#### [Your goal]
Begin at the line that holds "Image 6 : NEW" and retype every line through the end of the material, both included. Leave out the pictures.

#### [Information given]

·····

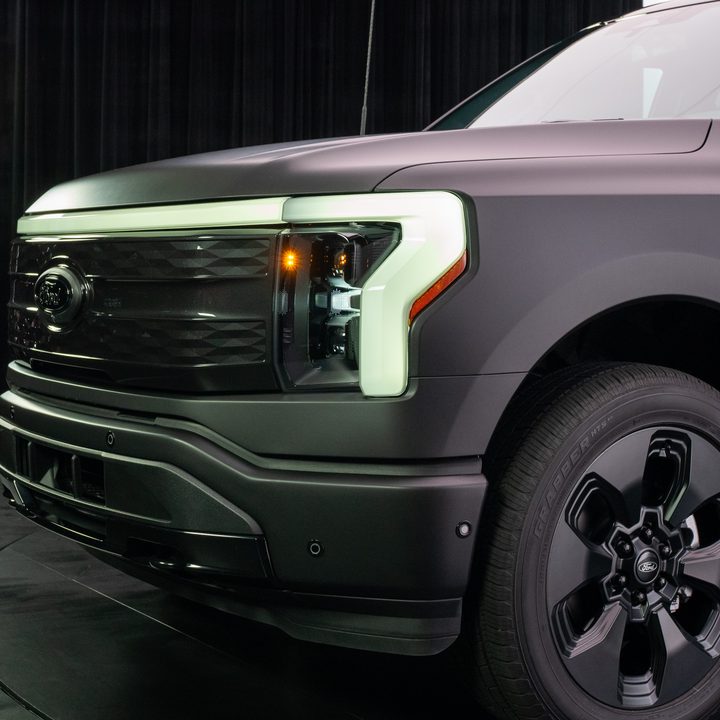 A Ford F-150 Lightning Platinum Black model.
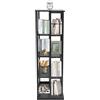 Susoso Libreria girevole a 4 ripiani, 40 x 40 x 134 cm, moderna scaffalatura a pavimento, scaffalatura per ufficio, struttura aperta, display a 360 gradi, per soggiorno, colore nero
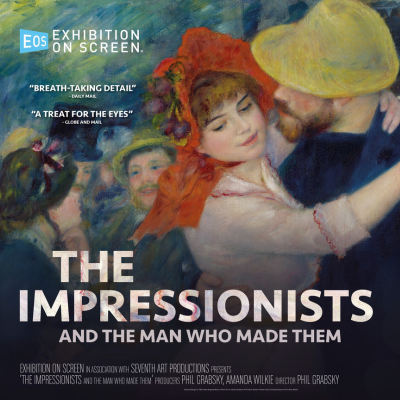 A colorful Impressionist painting with people dancing.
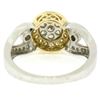 Image 6 : NEW 14k White & Yellow Gold Milgrain 0.75 ctw Pave Set Round Diamond Cluster Rin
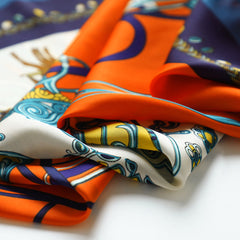 Carriage Horse Print Silk Neckerchief Bandana Women Head Wrap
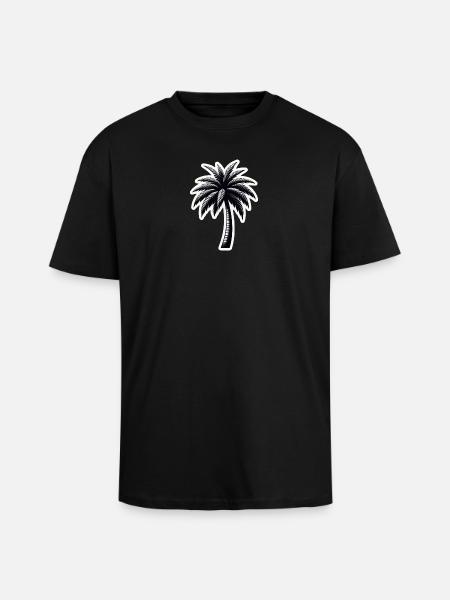 Palm tree black white - Unisex Oversized Heavyweight T-shirt - black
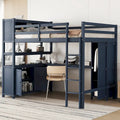 Hochbett aus Kiefernholz in Full Size mit Schrank und Schreibtisch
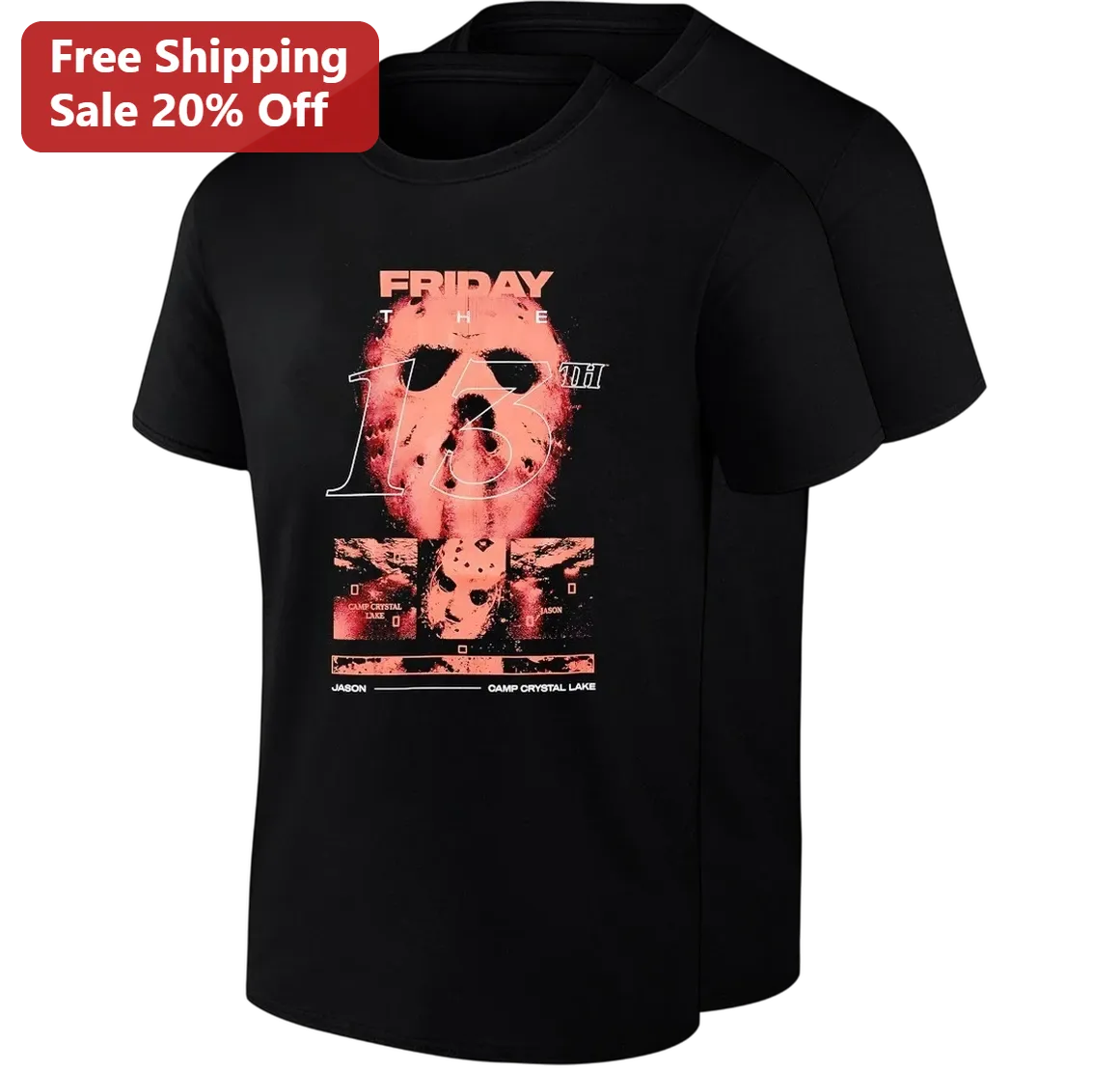 Friday the 13th Jason Voorhees Camp Crystal Lake Horror Movie Tee for Slasher Film Fans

·····

#### [Output for this task]
 Image 6 : NEW 14k White & Yellow Gold Milgrain 0.75 ctw Pave Set Round Diamond Cluster Rin
 Carriage Horse Print Silk Neckerchief Bandana Women Head Wrap
 Palm tree black white - Unisex Oversized Heavyweight T-shirt - black
 Hochbett aus Kiefernholz in Full Size mit Schrank und Schreibtisch
 Friday the 13th Jason Voorhees Camp Crystal Lake Horror Movie Tee for Slasher Film Fans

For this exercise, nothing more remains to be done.